As Kyla Brettle paced in front of the projector and my mind was suffocating in the overheated lecture room these words brought me back to consciousness. The concept piqued my interest and so I brought myself forward in my chair, attempting to reengage with the lecture whilst fanning my face in a fruitless attempt to attempt to circulate the stale air.

In sound, she claimed, “you get to create a space”; unlike film your narrative is frameless and your information is separated, not by cuts, but by time. I hadn’t thought about podcasts and radio broadcasts this way, but I drew my torpid mind back to the reading and begun the process of combining what I knew about music with what I knew about radio. I understood both were purely sonic mediums, but I honestly never conceptualised that they would both fall under the same production concepts. I never thought about creating a podcast in the same way one might compose a song.

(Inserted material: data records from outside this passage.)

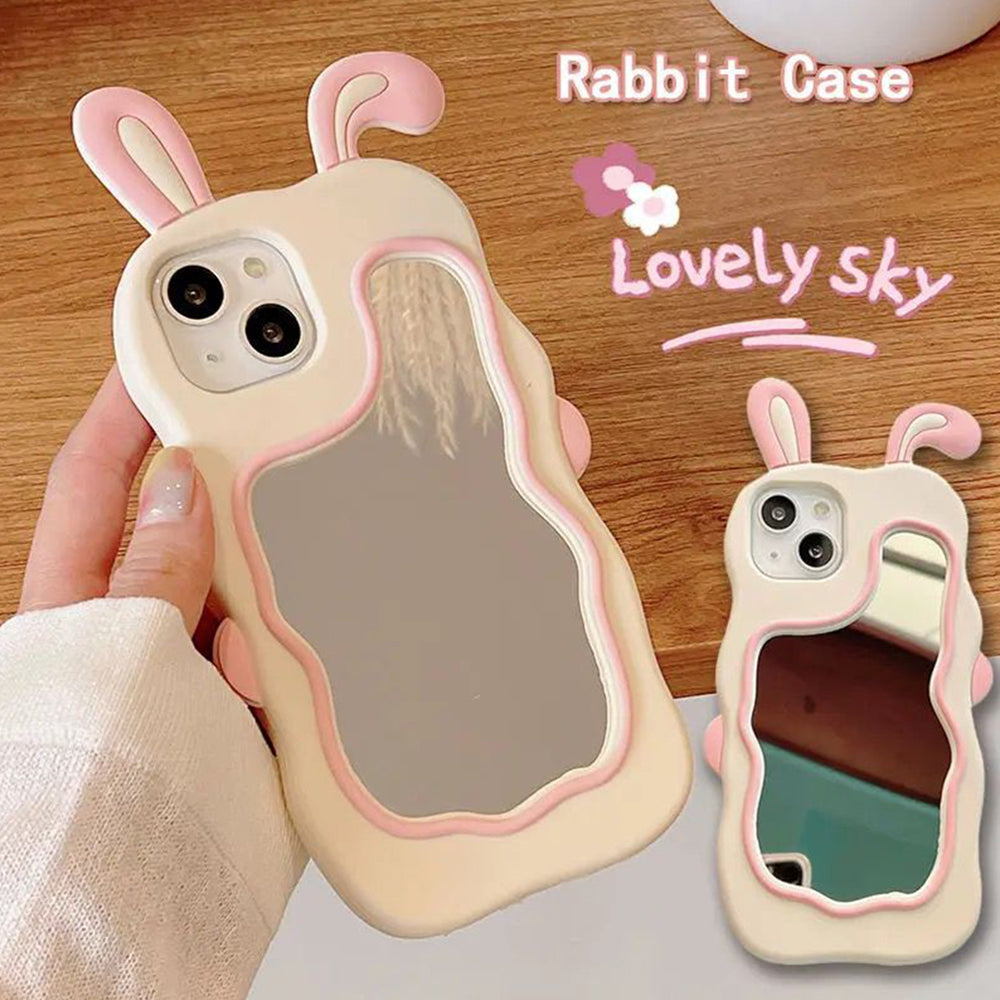 Silicone Mirror Cute Rabbit Design Cover - iPhone 12 Pro Max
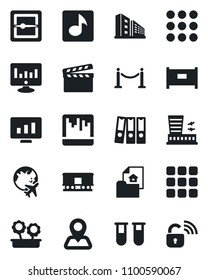 Set of vector isolated black icon - fence vector, plane globe, airport building, statistic monitor, blood test vial, navigation, railroad, clapboard, menu, scanner, music, paper binder, office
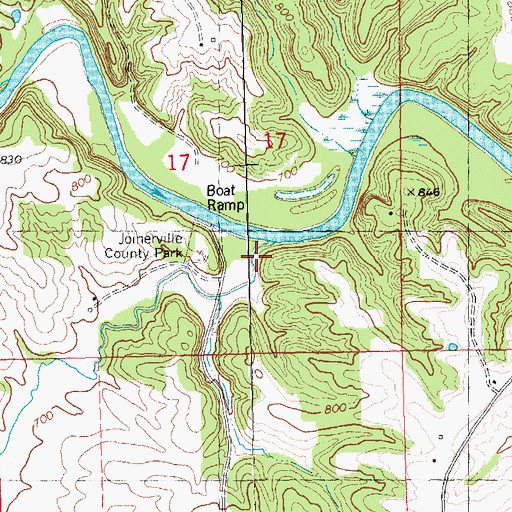 Topographic Map of Pumpkin Creek, IA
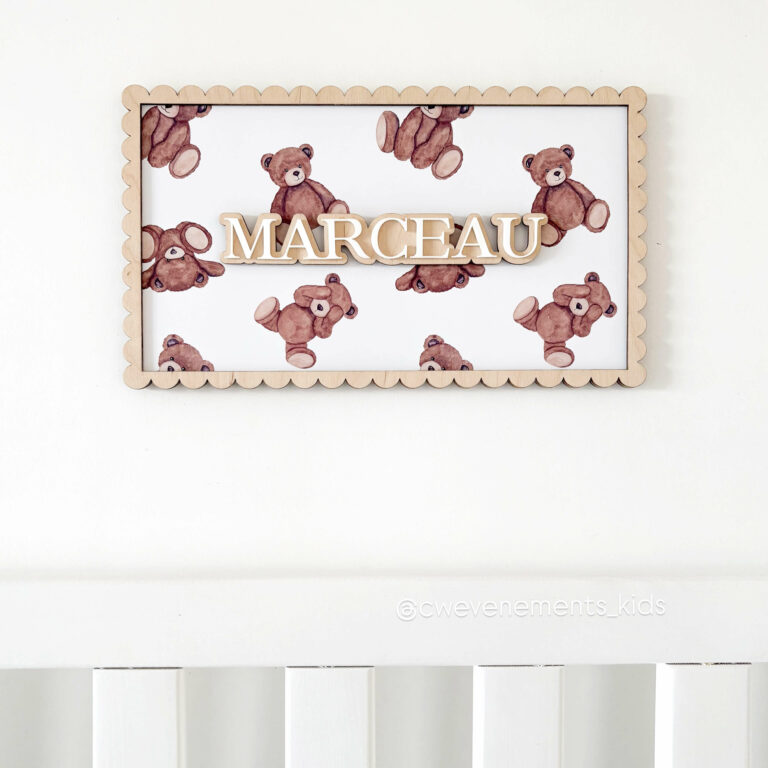 Affiche naissance personnalisée ourson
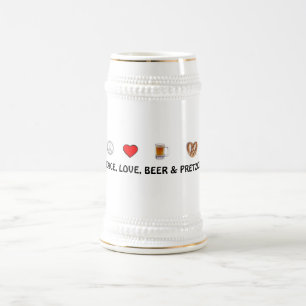 Caneca de cerveja da paz, do amor, da cerveja &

As a child who went through piano lessons I am familiar with time signatures in music but I never grasped the true virtue of understanding time and rhythm until much later when I took to classical music to help me sleep. I found that sound could wash over me like waves and was perplexed by the fact that different compositions of the same song could completely change the way I interacted with it. It was like travelling across the coastline. It was the same sand, the same sea, but the waves were different; they’d push and pull at different times and with different intensities. Some could pull you under and others would simply crash against you.

A long time favourite of mine when it comes to classical music is Nocturne by Debussy but I have found that the climax was completely reliant on whose fingers were on the keys; the melody was utterly subservient to the rhythm of the pianist. I tried to relate this notion to podcasts, and narratives that existed outside of music, and found myself intrigued.

Filmic narratives must fit within the boundaries of the lens and the rhythm and pace of the story is dictated by editing. Sound has no such visual queues or limitations. Information finds you, seemingly out of the abyss, and it impact relies on how and when the two of you come into contact. This notion opened my mind to the depth of possibility within soundscapes. As someone who relies on visuals to conceptualise narratives this was the first time I found myself truely able to conceptualise sound as a medium. The idea of a sonic canvas made me understand that for our oncoming assignment I would not be turning a visual narrative into an auditory one. Instead I would be creating a narrative whose existence was determined by the medium itself… After all, I am facing an entirely new canvas and my narrative must not migrate, but be born there.

My narrative must not be born in space, but in time.